# Suprise, gold dust lyretail molly fry!



## Pleco (Sep 22, 2012)

I woke up a couple days ago to find out I had fry! What should I do to keep them alive? They are currently in a breeding trap. What do they eat and how long does it take for them to grow big to join their mom? I have heard that Hikari First Bites are good and brine shrimp, too. Please provide me with information!!!!!


----------



## sean_130 (Sep 19, 2012)

If always just crushed flake food up real fine an the go crazy over it, liquid foods will also work LFS shouldhave it or even look up egg yolk or whit not 100% sure maybe someone else can help better then I can


----------



## Pleco (Sep 22, 2012)

Well, I am using the Quick Bites but they're not really eating them, at least not yet.


----------



## TheOldSalt (Jan 28, 2005)

Take some flakefood and grind it into flour.

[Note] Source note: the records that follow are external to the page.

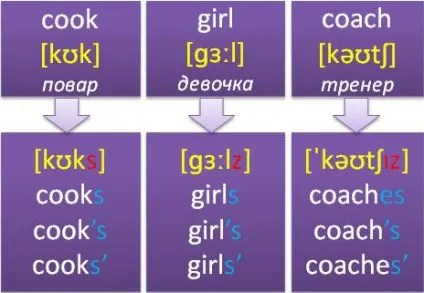 Множина і присвійний відмінок іменників в англійській мові (genitive in english) Множина і присвійний відмінок іменників в англійській мові
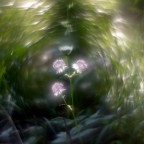 Fiore di bosco Fiore di bosco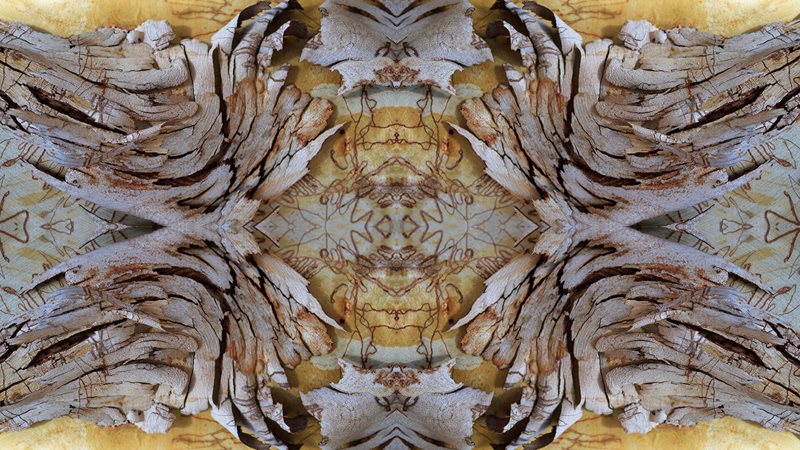 Culture is Life by Wayne Quilliam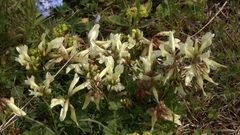Trifolium polyphyllum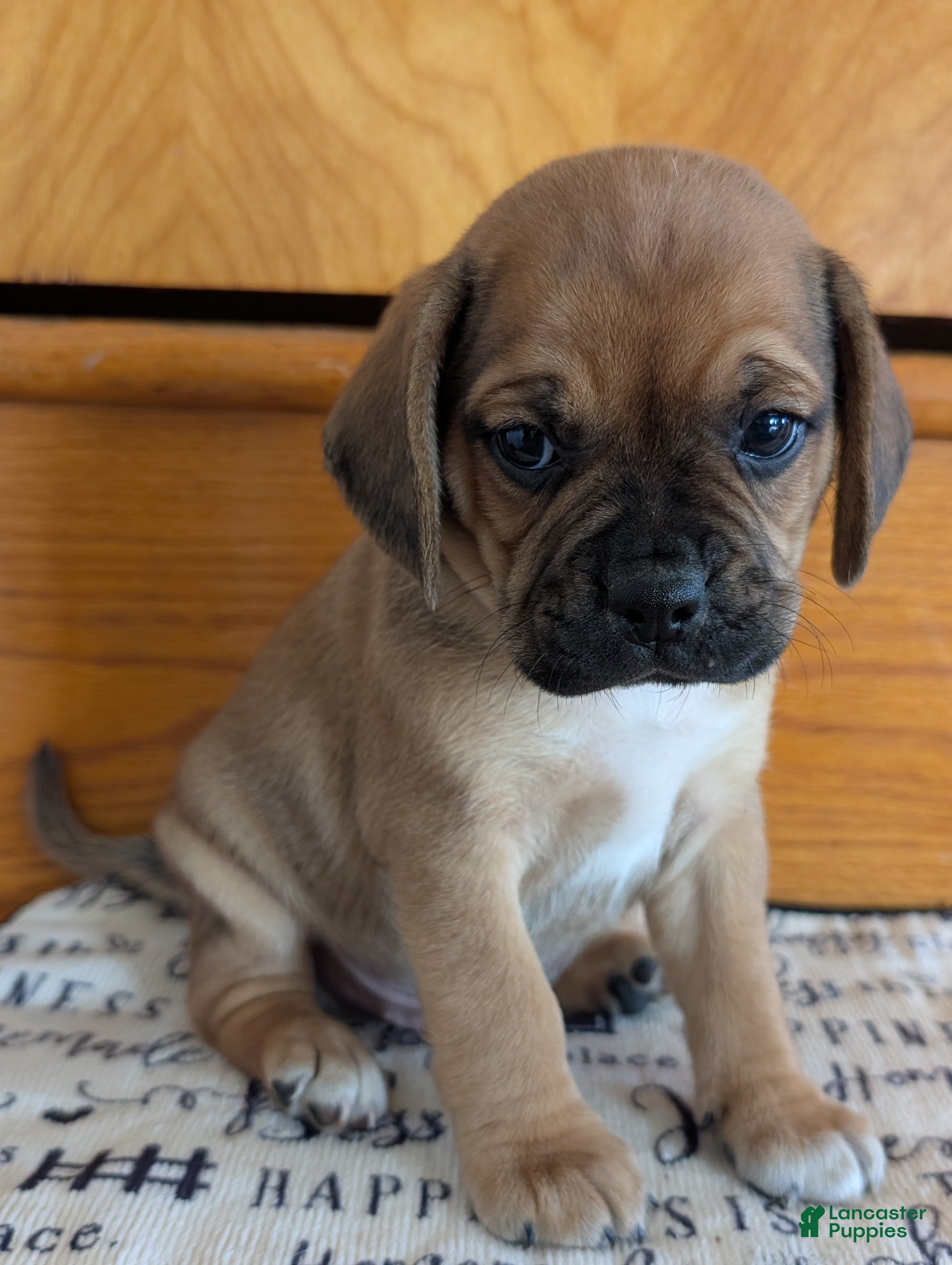 Puggle dogs Kenny  - Ad 1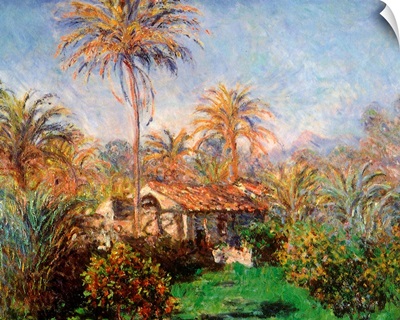 House Among the Palms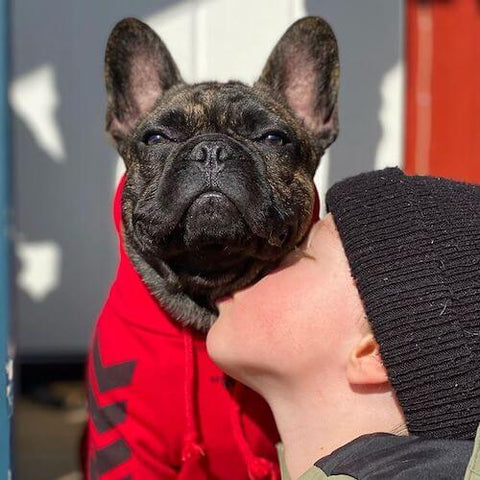 Crosby the Frenchie getting a kiss from his brother while wearing the WOOF Dog Hoodie in Red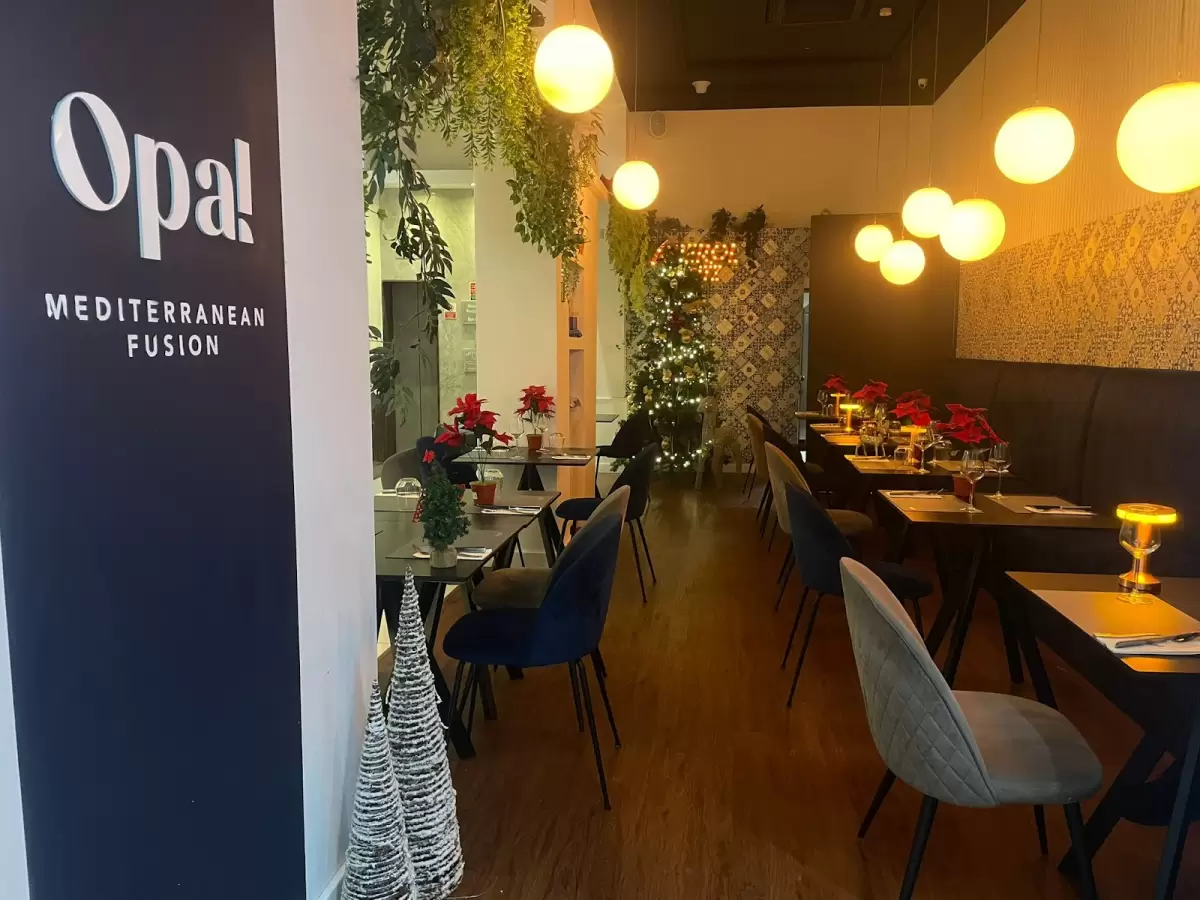 Opa! Mediterranean Fusion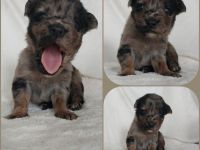 Goldencollie Aussiedor Welpen/ Familenhunde/ AustralienSheperd/ Labrador/ GoldenRetriever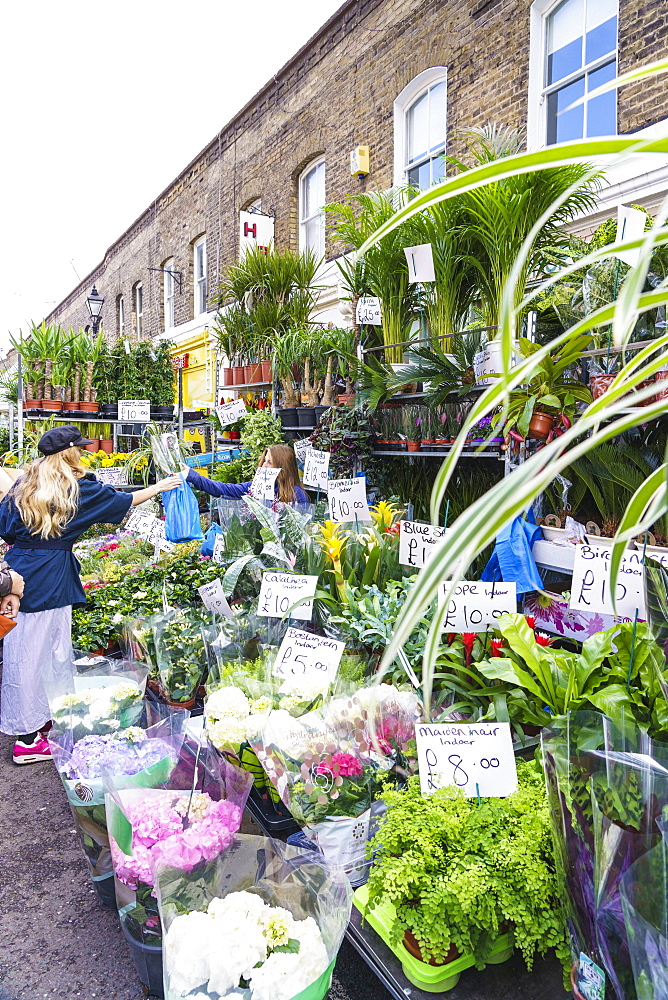 Columbia Road Flower Market, a very popular Sunday market between Hoxton and Bethnal Green in East London, London, England, United Kingdom, Europe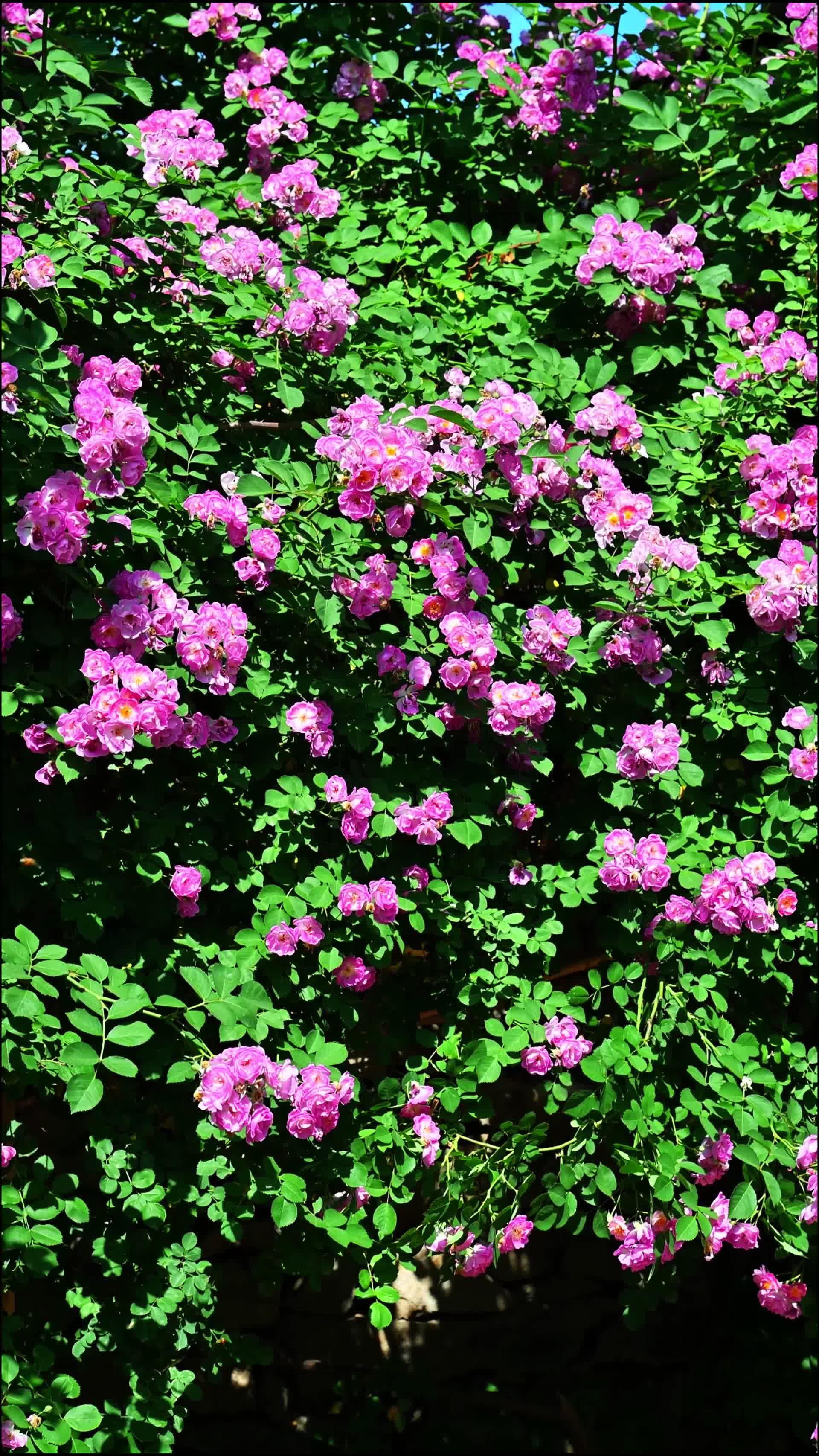 蔷薇花视频的预览图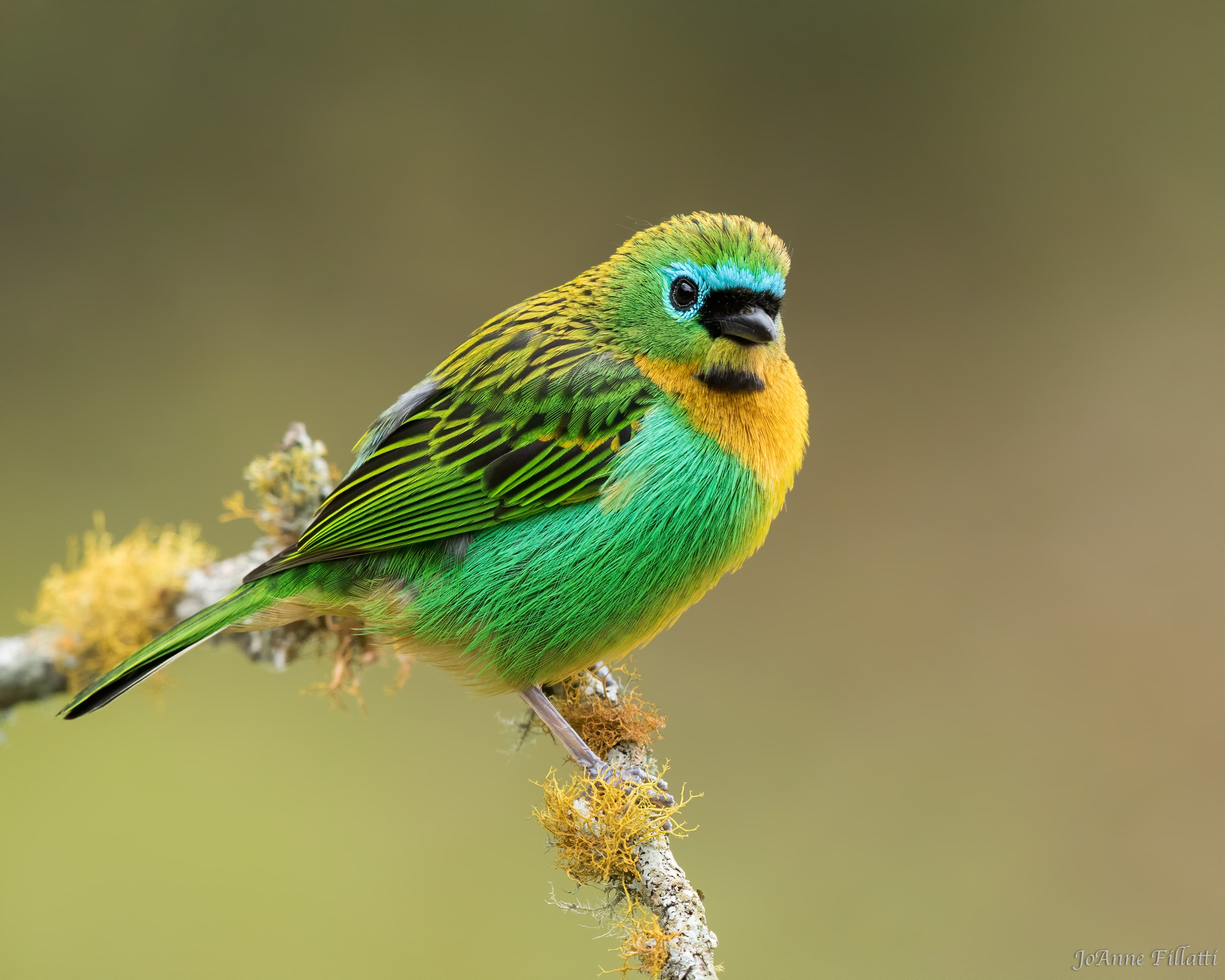 bird of brazil image 4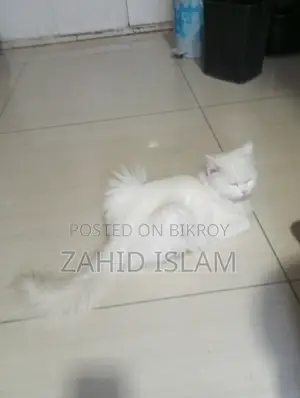 1+ Year Female Purebred Persian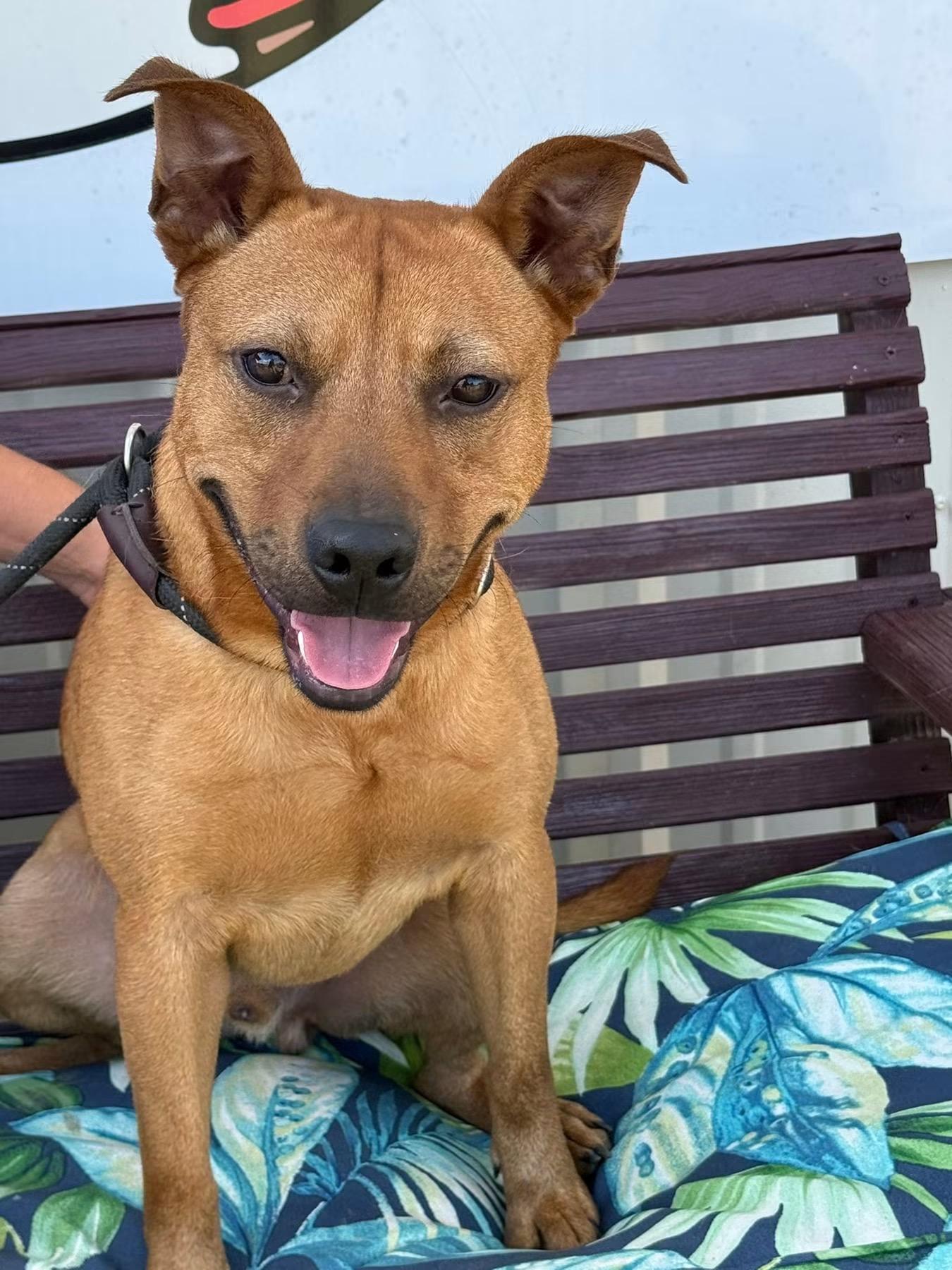 Enlarge Nathan, a Adoptable mixed breed in Tyler, TX image 1/2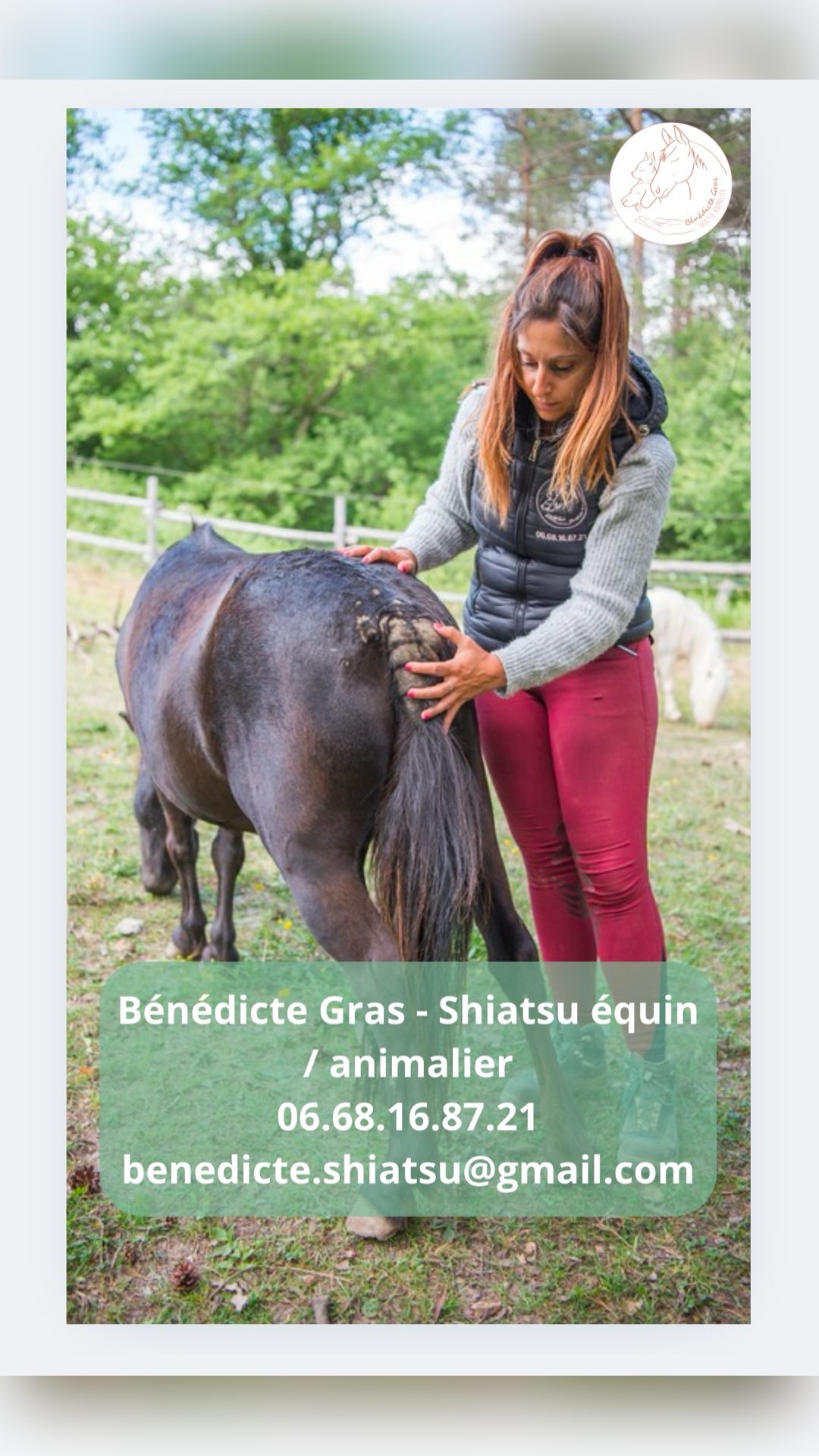 Shiatsu équin - dermite, média 3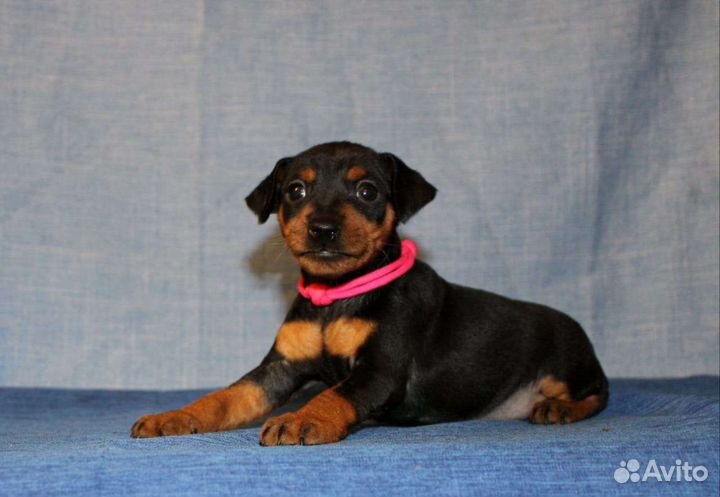 Щенки цвергпинчера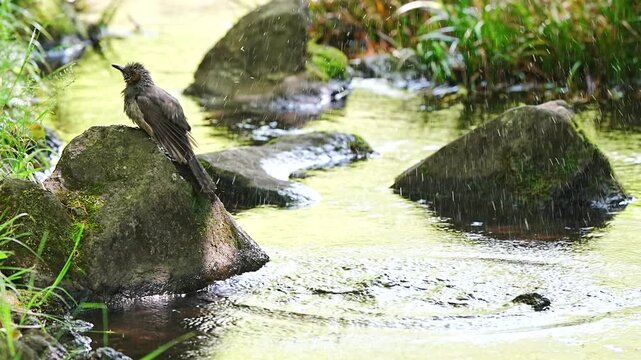 小さな小川の岩の隙間に飛び込んで水浴びしてすぐに戻るヒヨドリをスローモーションで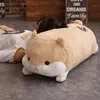 50 cm simpatico criceto topo peluche farcito morbido animale Hamtaro cuscino scaldamani adorabili bambini giocattolo per bambini regalo di Natale 240118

Turn off the pumps and put the flour on the water over the fish for about 20 mins 3 or 4 times a day, and then restart the pumps.
Mollies are herbivores, so green veggie flakes work well, but ordinary flake will do, too. You're better off moving to veggie flake after a month or so.

Molly fry are very large. In a month it should be safe to put them back with the parents.


----------



## Pleco (Sep 22, 2012)

*UPDATE*
the babies seem to be doing fine. One of the fry's belly is bigger than its head!


----------



## lohachata (Jan 27, 2006)

and there is always Plecocaine....lol
your fish need a good varied diet...but as TOS said...mostly veggie flake....


----------